Repeat nothing but the line that contains "Western Blot: USP2" and the lines after it, through the end of the listing, exactly as they stand; omit pictures.

Records for the task below:

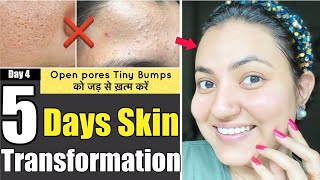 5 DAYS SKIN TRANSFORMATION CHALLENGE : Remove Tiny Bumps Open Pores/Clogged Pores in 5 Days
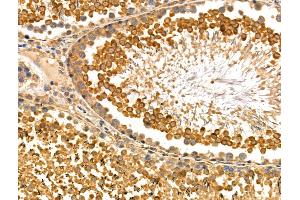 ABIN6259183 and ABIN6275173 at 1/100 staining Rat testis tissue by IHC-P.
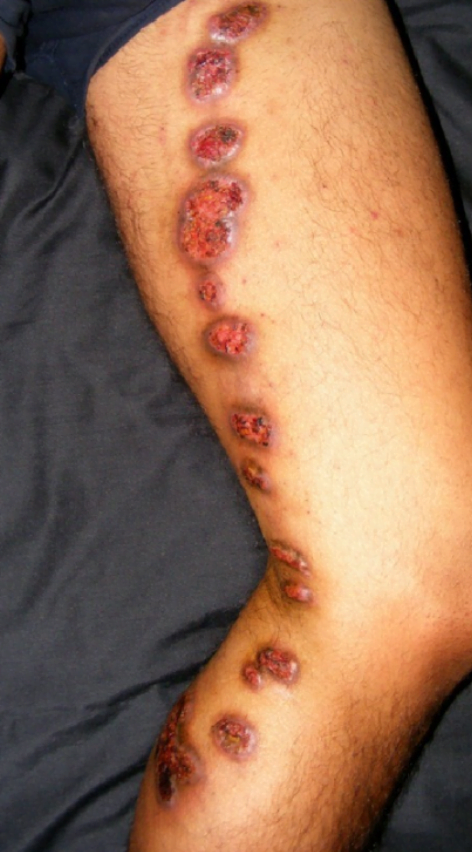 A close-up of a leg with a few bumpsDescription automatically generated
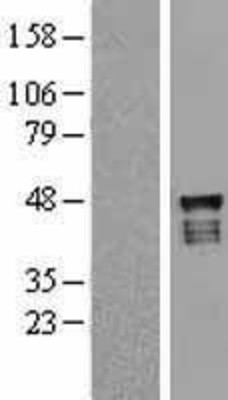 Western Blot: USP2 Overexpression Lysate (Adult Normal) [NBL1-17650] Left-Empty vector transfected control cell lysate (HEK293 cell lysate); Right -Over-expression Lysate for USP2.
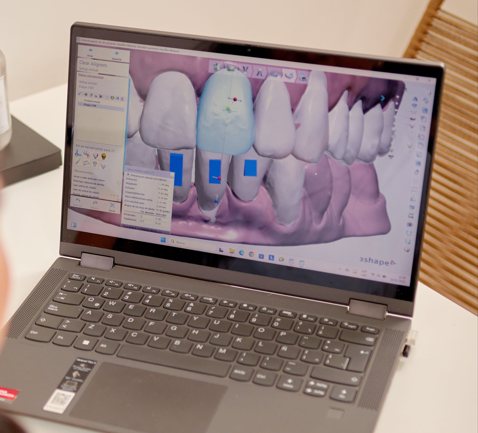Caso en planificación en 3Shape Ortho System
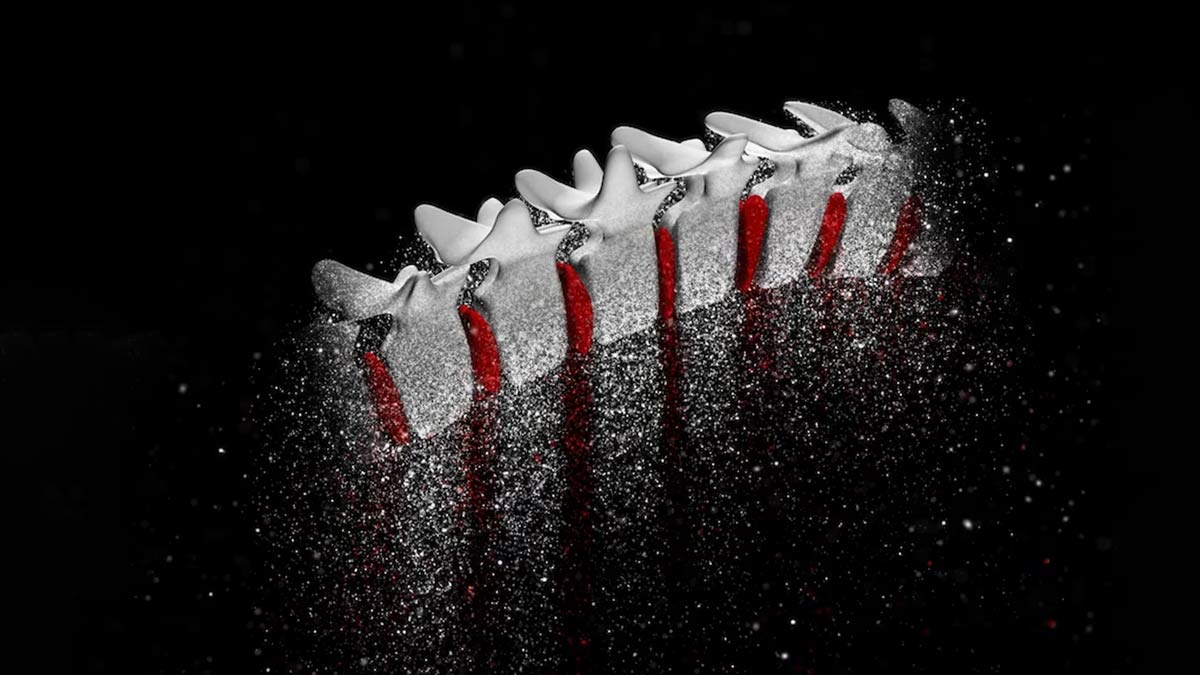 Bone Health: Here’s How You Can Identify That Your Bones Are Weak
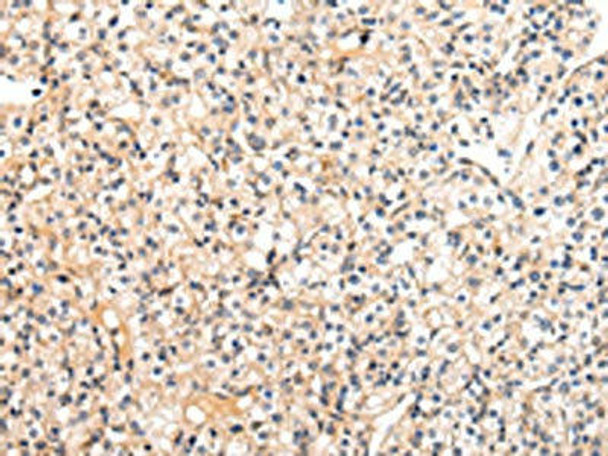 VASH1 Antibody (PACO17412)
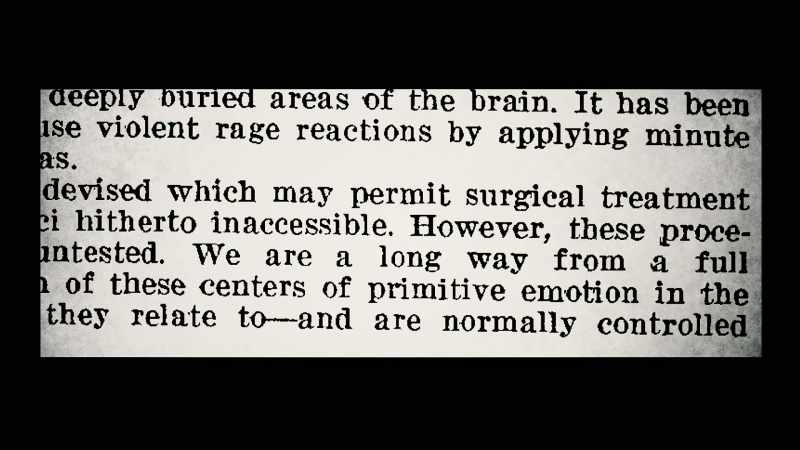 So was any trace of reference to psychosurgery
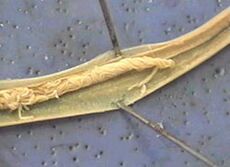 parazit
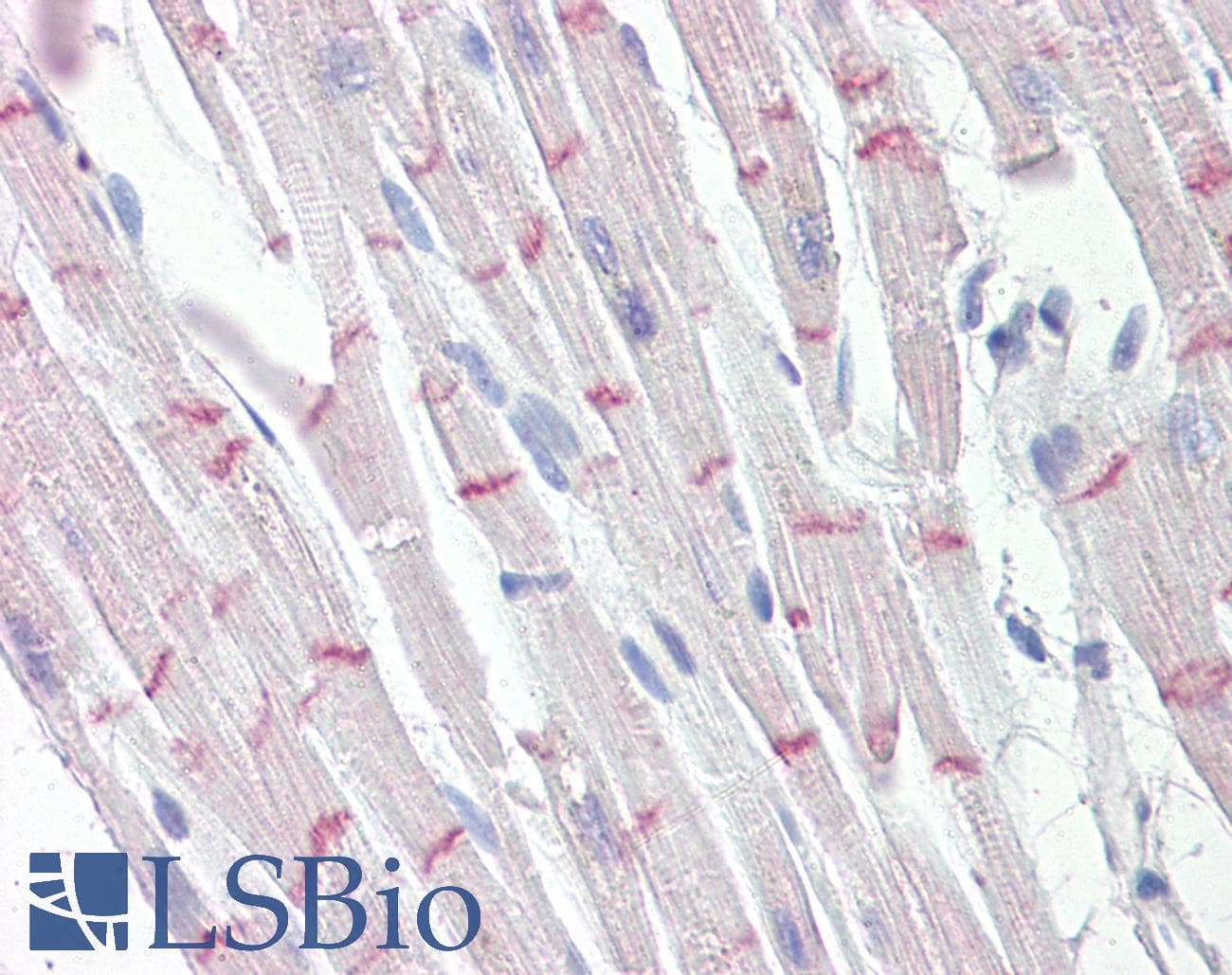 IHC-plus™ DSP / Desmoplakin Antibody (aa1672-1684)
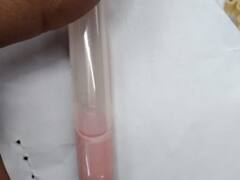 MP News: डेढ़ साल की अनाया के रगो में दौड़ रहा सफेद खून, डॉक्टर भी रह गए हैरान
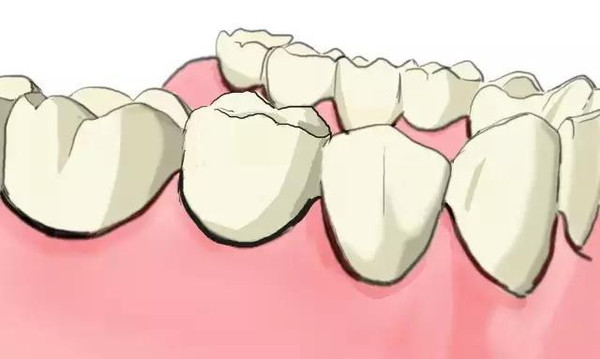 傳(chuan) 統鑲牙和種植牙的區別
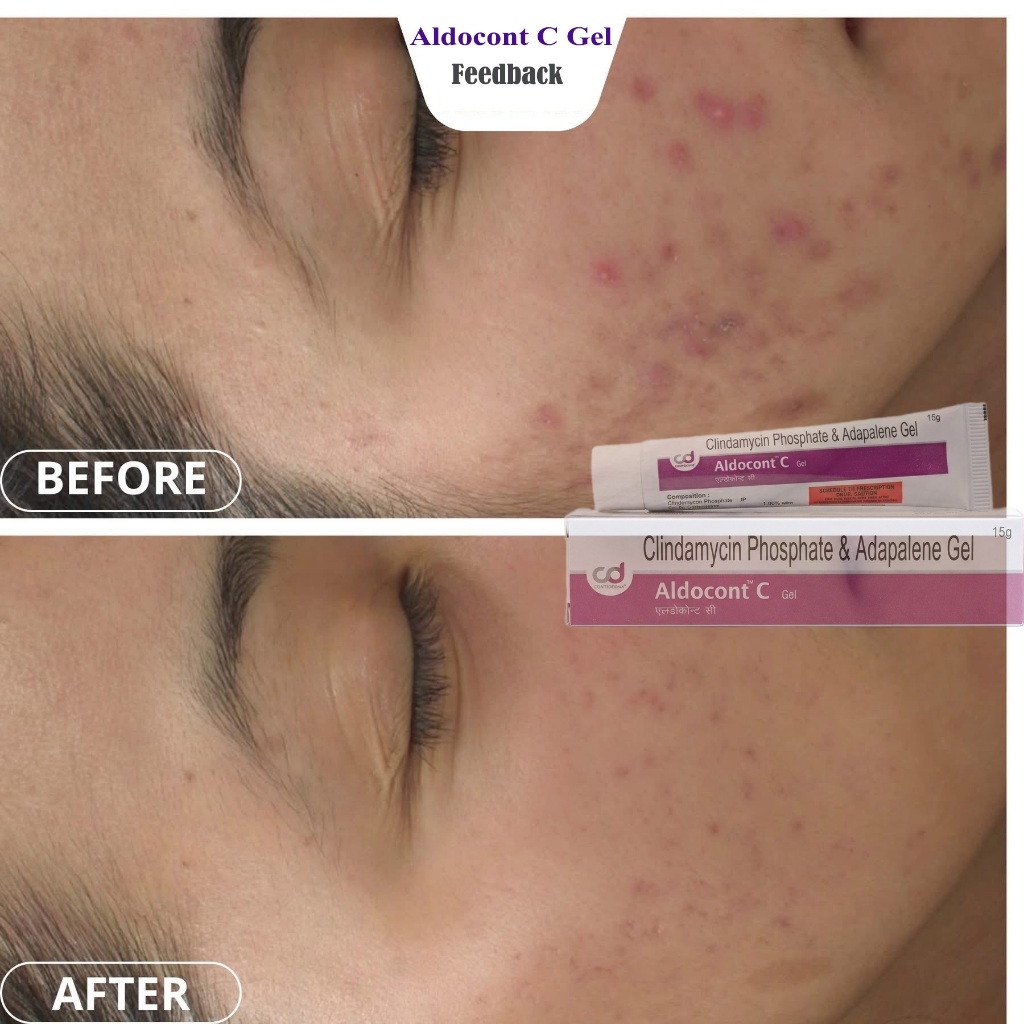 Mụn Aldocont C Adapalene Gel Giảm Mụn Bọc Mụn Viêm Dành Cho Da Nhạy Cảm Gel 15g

End of Records for the task.

## The answer
 Western Blot: USP2 Overexpression Lysate (Adult Normal) [NBL1-17650] Left-Empty vector transfected control cell lysate (HEK293 cell lysate); Right -Over-expression Lysate for USP2.
Caso en planificación en 3Shape Ortho System
 Bone Health: Here’s How You Can Identify That Your Bones Are Weak
 VASH1 Antibody (PACO17412)
 So was any trace of reference to psychosurgery
 parazit
 IHC-plus™ DSP / Desmoplakin Antibody (aa1672-1684)
 MP News: डेढ़ साल की अनाया के रगो में दौड़ रहा सफेद खून, डॉक्टर भी रह गए हैरान
 傳(chuan) 統鑲牙和種植牙的區別
 Mụn Aldocont C Adapalene Gel Giảm Mụn Bọc Mụn Viêm Dành Cho Da Nhạy Cảm Gel 15g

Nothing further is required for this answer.